The following code chunk is written in R which I would like to replicate in Julia in order to name a variable using the current assigned value for a variable, which is going to change within an iterator:
Here is some Julia code for an example, with the way to do it in R, given in the comments:
using Random,Distributions,DataFrames
df = DataFrame(Matrix{Float64}(undef,100,5),:auto)
mu = 1.5:0.5:3.5
sigma = 2:0.5:4
for i in 1:5
df[:,i] = rand(Normal(mu[i],sigma[i]),100)

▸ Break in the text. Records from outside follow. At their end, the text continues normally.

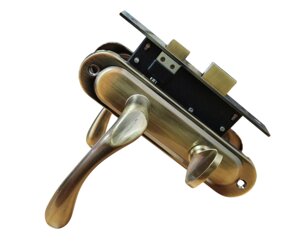 Комплект міжкімнатних ручок із замком під фіксатор FZB бронза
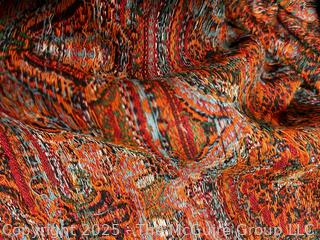 Red Victorian Wool Jacquard Paisley Loomed Shawl. Some damage. Measures 10' x 5'.68" x 68"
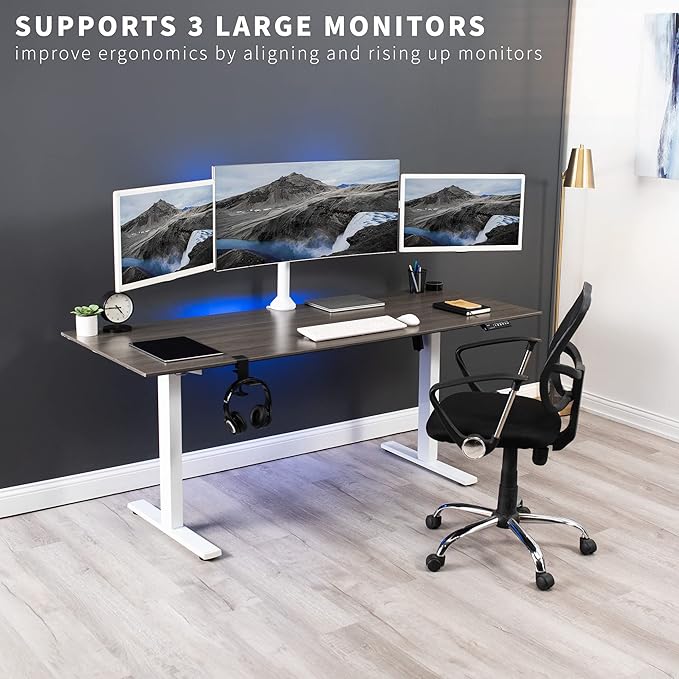 VIVO Triple Monitor 23 to 32 inch LED LCD Clamp-on Desk Mount, Heavy Duty Articulating VESA Computer Stand, Holds 3 Screens, Fully Adjustable for Home Office Workstation, White, STAND-V103W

## here is the following line of code that I would like but
## given in R syntax:
# propertynames(df)[i] = paste("mu",mu[i],"sigma",sigma[i],sep="_")
end
To add to the answer above, rename! also accepts integers to specify the columns, so your loop would read like this:
for i in 1:5
rand!(Normal(mu[i],sigma[i]), df[!,i])
rename!(df, i => string("mu_", mu[i], "_sigma_", sigma[i]))
end
I also changed the first line in the loop, since your version allocates a new vector with each rand call, whereas rand! writes directly into the vector stored in the DataFrame (here, you need to use df[!,i] instead of df[:,i] to avoid copying the vector from the DataFrame). rand! is part of the Random stdlib.